EXERCISE GOAL: Go through the listing beneath and show each line containing the string "Parts".
(WORKING DATA)
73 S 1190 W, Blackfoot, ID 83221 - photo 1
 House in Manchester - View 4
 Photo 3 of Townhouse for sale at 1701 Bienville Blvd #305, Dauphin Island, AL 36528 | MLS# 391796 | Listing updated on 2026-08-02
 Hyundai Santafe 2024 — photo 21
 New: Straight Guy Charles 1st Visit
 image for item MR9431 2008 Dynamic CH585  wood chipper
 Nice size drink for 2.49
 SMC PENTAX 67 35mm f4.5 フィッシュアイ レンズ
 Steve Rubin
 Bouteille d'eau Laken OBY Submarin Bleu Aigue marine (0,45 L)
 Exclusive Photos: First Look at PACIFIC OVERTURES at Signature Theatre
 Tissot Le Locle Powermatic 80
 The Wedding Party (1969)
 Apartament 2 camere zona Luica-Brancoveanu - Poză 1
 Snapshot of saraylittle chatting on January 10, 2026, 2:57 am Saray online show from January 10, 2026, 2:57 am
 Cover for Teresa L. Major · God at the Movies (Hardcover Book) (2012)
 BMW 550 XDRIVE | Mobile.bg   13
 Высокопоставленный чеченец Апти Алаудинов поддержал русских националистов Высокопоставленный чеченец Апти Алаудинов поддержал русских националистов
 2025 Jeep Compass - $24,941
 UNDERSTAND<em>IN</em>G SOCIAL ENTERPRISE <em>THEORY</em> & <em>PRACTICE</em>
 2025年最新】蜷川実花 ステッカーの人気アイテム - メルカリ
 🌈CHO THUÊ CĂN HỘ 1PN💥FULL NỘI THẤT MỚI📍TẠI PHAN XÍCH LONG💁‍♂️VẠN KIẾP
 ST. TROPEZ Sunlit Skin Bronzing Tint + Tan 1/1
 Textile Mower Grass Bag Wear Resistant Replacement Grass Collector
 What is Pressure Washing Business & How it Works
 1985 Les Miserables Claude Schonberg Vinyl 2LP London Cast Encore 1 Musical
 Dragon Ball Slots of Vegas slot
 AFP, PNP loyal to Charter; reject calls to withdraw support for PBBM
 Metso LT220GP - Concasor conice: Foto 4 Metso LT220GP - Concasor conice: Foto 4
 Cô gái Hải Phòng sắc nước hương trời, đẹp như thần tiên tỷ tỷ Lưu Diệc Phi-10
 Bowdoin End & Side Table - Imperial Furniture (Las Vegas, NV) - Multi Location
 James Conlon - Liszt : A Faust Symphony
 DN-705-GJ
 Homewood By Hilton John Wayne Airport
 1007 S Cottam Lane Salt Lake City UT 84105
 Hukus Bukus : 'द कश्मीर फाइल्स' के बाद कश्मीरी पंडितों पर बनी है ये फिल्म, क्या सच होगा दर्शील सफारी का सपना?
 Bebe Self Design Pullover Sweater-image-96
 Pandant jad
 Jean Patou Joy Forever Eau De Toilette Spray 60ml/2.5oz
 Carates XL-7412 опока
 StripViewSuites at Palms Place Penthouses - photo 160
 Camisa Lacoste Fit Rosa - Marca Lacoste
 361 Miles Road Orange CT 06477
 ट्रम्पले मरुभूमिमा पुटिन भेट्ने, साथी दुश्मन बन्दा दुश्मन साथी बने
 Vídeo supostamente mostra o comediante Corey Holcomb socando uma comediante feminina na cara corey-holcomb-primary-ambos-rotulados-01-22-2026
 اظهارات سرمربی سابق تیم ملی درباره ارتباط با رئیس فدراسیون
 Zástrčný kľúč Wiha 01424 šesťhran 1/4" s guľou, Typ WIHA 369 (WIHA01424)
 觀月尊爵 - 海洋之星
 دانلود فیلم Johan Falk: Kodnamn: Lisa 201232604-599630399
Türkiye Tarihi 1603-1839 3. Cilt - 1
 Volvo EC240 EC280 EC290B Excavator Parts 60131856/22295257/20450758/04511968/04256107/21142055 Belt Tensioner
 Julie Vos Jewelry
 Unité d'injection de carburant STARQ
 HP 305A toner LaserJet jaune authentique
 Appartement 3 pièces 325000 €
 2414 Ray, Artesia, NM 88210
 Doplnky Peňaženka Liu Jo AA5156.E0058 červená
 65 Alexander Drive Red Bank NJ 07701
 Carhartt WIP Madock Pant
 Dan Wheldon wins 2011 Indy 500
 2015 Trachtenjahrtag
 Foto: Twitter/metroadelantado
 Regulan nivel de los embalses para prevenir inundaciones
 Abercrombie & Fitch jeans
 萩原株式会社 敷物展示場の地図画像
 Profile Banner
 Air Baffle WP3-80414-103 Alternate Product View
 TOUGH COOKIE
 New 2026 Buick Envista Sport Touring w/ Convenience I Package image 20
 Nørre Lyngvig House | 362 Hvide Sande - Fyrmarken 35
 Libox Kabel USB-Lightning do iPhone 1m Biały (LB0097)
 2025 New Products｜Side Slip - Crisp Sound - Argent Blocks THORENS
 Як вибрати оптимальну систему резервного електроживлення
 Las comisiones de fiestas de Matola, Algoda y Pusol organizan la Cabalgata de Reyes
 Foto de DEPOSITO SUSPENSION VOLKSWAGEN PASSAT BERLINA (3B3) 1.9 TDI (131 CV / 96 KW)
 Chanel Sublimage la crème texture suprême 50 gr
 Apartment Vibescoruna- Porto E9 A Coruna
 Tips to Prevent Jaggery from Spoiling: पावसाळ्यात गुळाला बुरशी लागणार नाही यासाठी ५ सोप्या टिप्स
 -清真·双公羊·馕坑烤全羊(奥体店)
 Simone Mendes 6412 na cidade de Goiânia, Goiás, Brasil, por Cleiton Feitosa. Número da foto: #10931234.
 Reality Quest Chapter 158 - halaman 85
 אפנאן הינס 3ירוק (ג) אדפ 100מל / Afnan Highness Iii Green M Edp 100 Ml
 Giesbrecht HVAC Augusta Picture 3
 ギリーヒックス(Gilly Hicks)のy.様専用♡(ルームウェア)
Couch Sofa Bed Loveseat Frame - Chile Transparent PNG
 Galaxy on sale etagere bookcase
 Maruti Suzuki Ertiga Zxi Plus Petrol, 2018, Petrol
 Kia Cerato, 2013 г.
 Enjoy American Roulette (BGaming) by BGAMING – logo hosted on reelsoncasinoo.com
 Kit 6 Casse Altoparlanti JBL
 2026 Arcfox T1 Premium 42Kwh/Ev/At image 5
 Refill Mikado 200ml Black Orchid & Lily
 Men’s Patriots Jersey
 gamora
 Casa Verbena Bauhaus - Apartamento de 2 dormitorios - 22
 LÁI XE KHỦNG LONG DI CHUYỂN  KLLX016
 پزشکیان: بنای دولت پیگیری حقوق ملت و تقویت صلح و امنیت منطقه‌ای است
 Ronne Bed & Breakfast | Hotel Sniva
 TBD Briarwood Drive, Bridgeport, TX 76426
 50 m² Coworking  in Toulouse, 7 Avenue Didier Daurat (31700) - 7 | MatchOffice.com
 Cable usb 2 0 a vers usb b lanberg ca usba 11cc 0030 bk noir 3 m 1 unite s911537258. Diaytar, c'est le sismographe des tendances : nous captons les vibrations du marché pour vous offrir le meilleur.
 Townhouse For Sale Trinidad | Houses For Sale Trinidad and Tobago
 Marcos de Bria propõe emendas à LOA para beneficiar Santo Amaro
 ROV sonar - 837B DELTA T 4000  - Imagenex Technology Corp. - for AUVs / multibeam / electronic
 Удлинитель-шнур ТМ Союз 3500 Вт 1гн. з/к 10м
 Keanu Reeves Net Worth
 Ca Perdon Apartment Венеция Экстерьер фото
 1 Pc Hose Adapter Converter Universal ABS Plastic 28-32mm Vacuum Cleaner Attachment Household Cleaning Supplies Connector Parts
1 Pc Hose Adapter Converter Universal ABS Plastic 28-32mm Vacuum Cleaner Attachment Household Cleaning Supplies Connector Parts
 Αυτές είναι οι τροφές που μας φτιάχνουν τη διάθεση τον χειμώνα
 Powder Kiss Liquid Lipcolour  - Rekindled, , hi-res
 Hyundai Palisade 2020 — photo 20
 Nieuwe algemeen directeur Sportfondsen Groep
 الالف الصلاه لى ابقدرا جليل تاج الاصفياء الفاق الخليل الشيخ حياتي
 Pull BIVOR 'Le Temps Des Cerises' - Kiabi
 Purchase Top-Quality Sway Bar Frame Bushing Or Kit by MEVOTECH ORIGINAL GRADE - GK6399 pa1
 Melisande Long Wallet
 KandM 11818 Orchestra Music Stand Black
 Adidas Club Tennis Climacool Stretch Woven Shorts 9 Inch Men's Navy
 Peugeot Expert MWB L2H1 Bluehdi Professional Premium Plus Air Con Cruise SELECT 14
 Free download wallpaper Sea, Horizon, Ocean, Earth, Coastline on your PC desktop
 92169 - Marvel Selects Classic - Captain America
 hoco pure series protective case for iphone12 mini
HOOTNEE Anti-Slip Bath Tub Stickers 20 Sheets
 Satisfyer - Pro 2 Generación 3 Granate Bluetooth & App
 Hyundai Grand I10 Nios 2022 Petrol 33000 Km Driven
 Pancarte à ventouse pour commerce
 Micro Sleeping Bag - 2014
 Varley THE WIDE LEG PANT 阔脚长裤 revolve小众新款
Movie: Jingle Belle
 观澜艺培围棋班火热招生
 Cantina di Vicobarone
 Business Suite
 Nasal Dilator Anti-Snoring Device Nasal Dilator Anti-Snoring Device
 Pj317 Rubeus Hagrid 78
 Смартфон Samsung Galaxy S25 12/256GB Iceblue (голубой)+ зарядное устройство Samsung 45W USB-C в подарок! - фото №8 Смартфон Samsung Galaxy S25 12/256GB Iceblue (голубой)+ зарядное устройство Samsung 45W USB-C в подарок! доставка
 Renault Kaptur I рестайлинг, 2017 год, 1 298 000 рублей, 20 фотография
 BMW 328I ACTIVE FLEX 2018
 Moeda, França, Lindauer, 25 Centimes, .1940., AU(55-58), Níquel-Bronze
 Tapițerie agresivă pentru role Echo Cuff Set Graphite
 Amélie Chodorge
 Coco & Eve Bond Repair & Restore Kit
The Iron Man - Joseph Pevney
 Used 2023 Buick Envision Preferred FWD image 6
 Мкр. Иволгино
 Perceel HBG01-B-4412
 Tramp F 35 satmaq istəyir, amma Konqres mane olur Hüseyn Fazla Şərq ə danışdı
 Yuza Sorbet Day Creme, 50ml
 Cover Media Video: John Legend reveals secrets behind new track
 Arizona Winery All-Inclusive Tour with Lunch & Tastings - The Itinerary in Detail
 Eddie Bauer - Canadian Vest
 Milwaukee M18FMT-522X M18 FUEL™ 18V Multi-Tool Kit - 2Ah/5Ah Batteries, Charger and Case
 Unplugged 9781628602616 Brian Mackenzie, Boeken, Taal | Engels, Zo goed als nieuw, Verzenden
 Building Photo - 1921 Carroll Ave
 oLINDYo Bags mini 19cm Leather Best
(End WORKING DATA)
EXERCISE ANSWER:
 Volvo EC240 EC280 EC290B Excavator Parts 60131856/22295257/20450758/04511968/04256107/21142055 Belt Tensioner
 1 Pc Hose Adapter Converter Universal ABS Plastic 28-32mm Vacuum Cleaner Attachment Household Cleaning Supplies Connector Parts
1 Pc Hose Adapter Converter Universal ABS Plastic 28-32mm Vacuum Cleaner Attachment Household Cleaning Supplies Connector Parts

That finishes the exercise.